- **Directions**: The copy must match the data below line for line and contain no images.

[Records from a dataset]

+===+

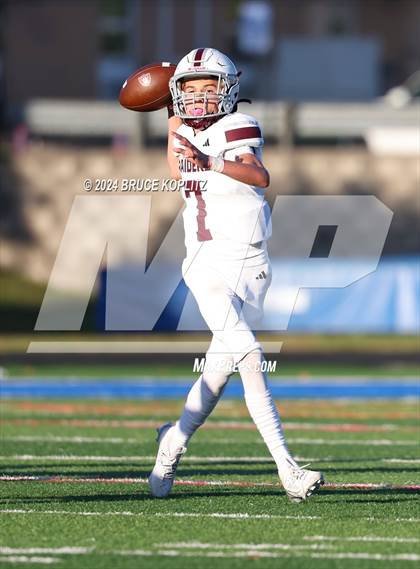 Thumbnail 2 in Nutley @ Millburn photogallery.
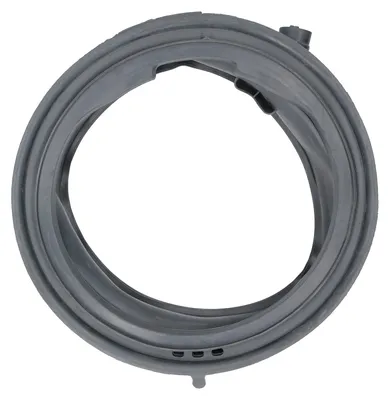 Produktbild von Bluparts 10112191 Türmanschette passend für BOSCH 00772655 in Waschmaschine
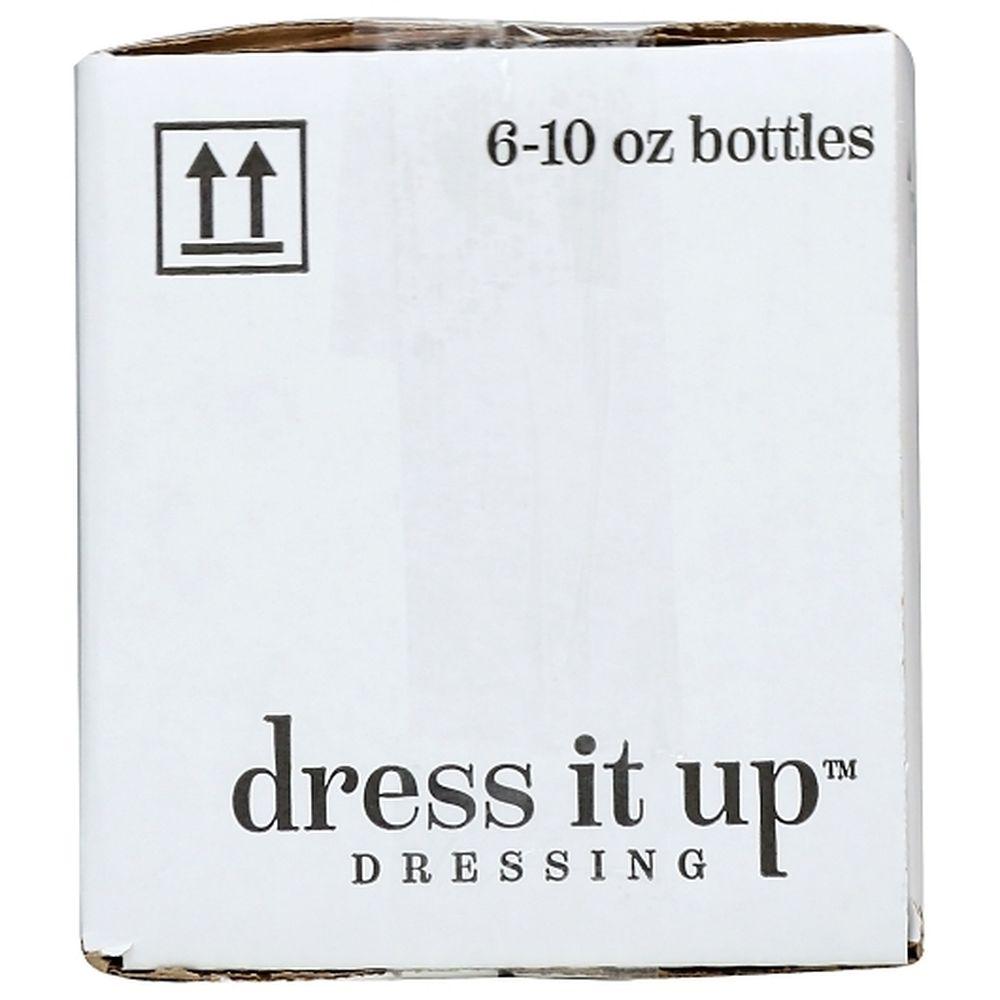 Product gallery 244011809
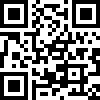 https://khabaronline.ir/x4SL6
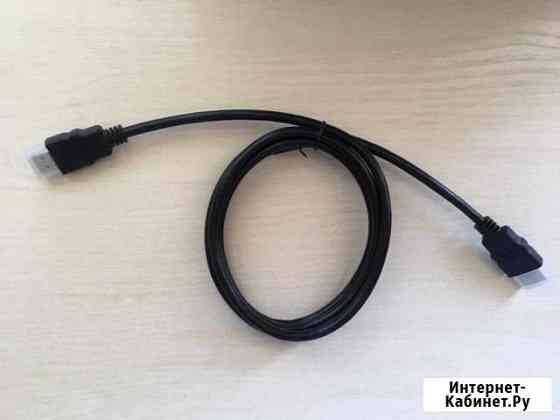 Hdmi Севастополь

+===+

- **Your solution**:
 Thumbnail 2 in Nutley @ Millburn photogallery.
 Produktbild von Bluparts 10112191 Türmanschette passend für BOSCH 00772655 in Waschmaschine
 Product gallery 244011809
 https://khabaronline.ir/x4SL6
 Hdmi Севастополь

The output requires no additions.